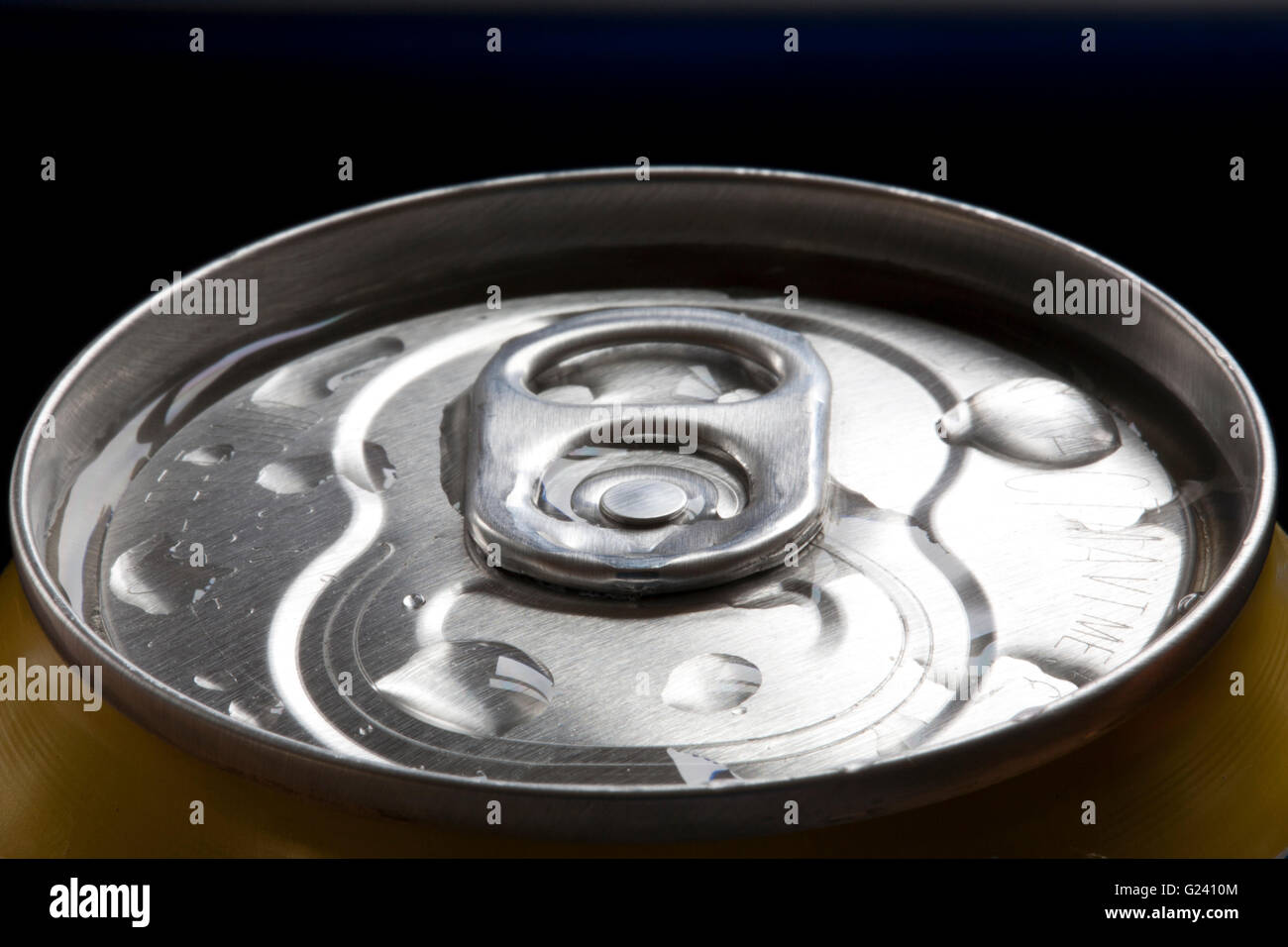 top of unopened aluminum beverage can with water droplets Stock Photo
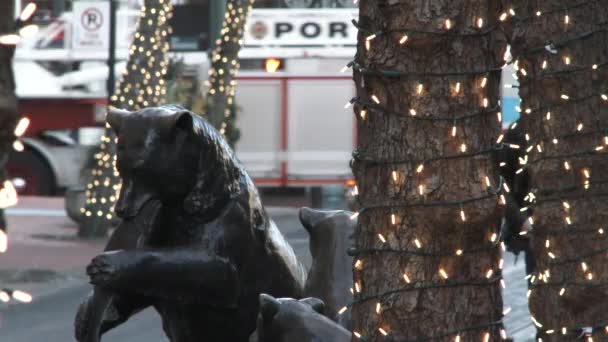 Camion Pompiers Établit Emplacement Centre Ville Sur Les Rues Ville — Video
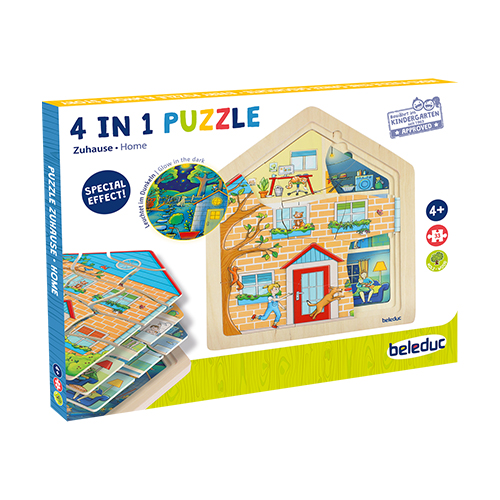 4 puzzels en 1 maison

=== Requirement ===
Leaving the pictures out, copy exactly the lines from the line that contains "Camion Pompiers Établit" to the last line of the data, both ends included.

=== Completed exercise ===
 Camion Pompiers Établit Emplacement Centre Ville Sur Les Rues Ville — Video
 4 puzzels en 1 maison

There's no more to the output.